EXERCISE AIM: All entries below must be given again word for word.

Top of INPUT DATA

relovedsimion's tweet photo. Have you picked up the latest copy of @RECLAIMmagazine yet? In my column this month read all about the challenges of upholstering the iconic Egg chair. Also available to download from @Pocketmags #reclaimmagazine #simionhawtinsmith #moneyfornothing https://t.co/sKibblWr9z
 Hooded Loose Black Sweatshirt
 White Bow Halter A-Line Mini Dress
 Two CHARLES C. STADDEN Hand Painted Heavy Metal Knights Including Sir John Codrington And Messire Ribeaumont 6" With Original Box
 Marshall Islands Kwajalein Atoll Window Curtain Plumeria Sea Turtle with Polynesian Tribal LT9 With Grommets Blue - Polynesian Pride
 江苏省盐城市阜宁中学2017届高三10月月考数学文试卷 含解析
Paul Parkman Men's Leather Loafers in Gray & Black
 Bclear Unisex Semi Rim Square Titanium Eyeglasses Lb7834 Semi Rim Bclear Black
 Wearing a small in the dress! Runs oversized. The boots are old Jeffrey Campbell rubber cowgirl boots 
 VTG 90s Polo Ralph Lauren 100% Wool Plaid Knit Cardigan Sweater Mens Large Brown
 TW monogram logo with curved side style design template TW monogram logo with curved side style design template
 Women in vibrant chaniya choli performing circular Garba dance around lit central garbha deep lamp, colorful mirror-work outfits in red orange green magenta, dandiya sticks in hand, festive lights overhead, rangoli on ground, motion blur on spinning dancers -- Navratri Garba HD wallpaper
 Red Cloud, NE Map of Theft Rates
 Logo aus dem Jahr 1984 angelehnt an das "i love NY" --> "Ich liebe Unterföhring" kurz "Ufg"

Bottom of INPUT DATA

OUTPUT OF THE TASK:
relovedsimion's tweet photo. Have you picked up the latest copy of @RECLAIMmagazine yet? In my column this month read all about the challenges of upholstering the iconic Egg chair. Also available to download from @Pocketmags #reclaimmagazine #simionhawtinsmith #moneyfornothing https://t.co/sKibblWr9z
 Hooded Loose Black Sweatshirt
 White Bow Halter A-Line Mini Dress
 Two CHARLES C. STADDEN Hand Painted Heavy Metal Knights Including Sir John Codrington And Messire Ribeaumont 6" With Original Box
 Marshall Islands Kwajalein Atoll Window Curtain Plumeria Sea Turtle with Polynesian Tribal LT9 With Grommets Blue - Polynesian Pride
 江苏省盐城市阜宁中学2017届高三10月月考数学文试卷 含解析
Paul Parkman Men's Leather Loafers in Gray & Black
 Bclear Unisex Semi Rim Square Titanium Eyeglasses Lb7834 Semi Rim Bclear Black
 Wearing a small in the dress! Runs oversized. The boots are old Jeffrey Campbell rubber cowgirl boots 
 VTG 90s Polo Ralph Lauren 100% Wool Plaid Knit Cardigan Sweater Mens Large Brown
 TW monogram logo with curved side style design template TW monogram logo with curved side style design template
 Women in vibrant chaniya choli performing circular Garba dance around lit central garbha deep lamp, colorful mirror-work outfits in red orange green magenta, dandiya sticks in hand, festive lights overhead, rangoli on ground, motion blur on spinning dancers -- Navratri Garba HD wallpaper
 Red Cloud, NE Map of Theft Rates
 Logo aus dem Jahr 1984 angelehnt an das "i love NY" --> "Ich liebe Unterföhring" kurz "Ufg"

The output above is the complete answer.